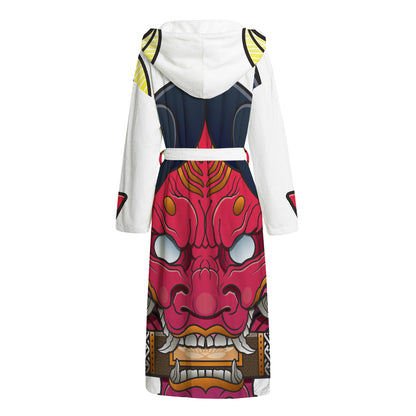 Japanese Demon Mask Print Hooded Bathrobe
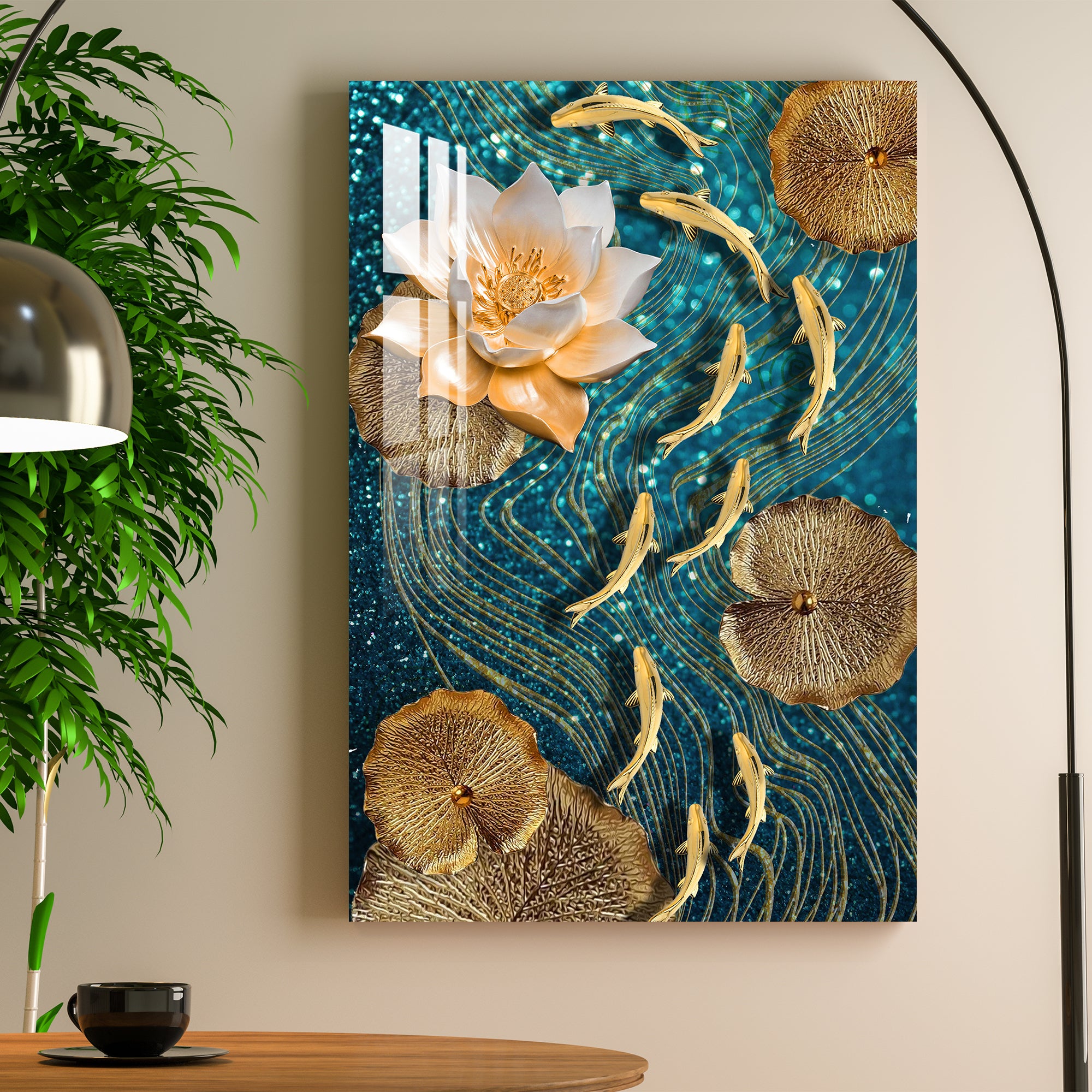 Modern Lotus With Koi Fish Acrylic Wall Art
...
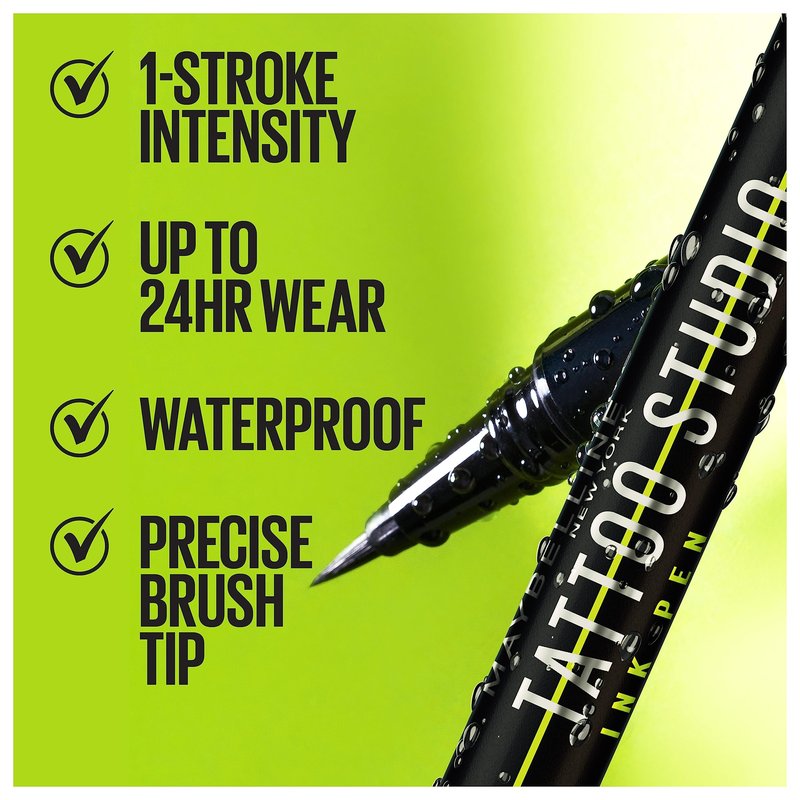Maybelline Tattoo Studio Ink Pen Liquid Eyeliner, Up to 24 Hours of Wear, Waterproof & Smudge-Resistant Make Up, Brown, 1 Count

- **TASK OBJECTIVE**
Leave out the images and write out the lines above exactly, from the one with "Japanese Demon Mask Print Hooded Bathrobe" up to and including the one with "Modern Lotus With Koi Fish Acrylic Wall Art".

- **COMPLETED EXERCISE**
 Japanese Demon Mask Print Hooded Bathrobe
 Modern Lotus With Koi Fish Acrylic Wall Art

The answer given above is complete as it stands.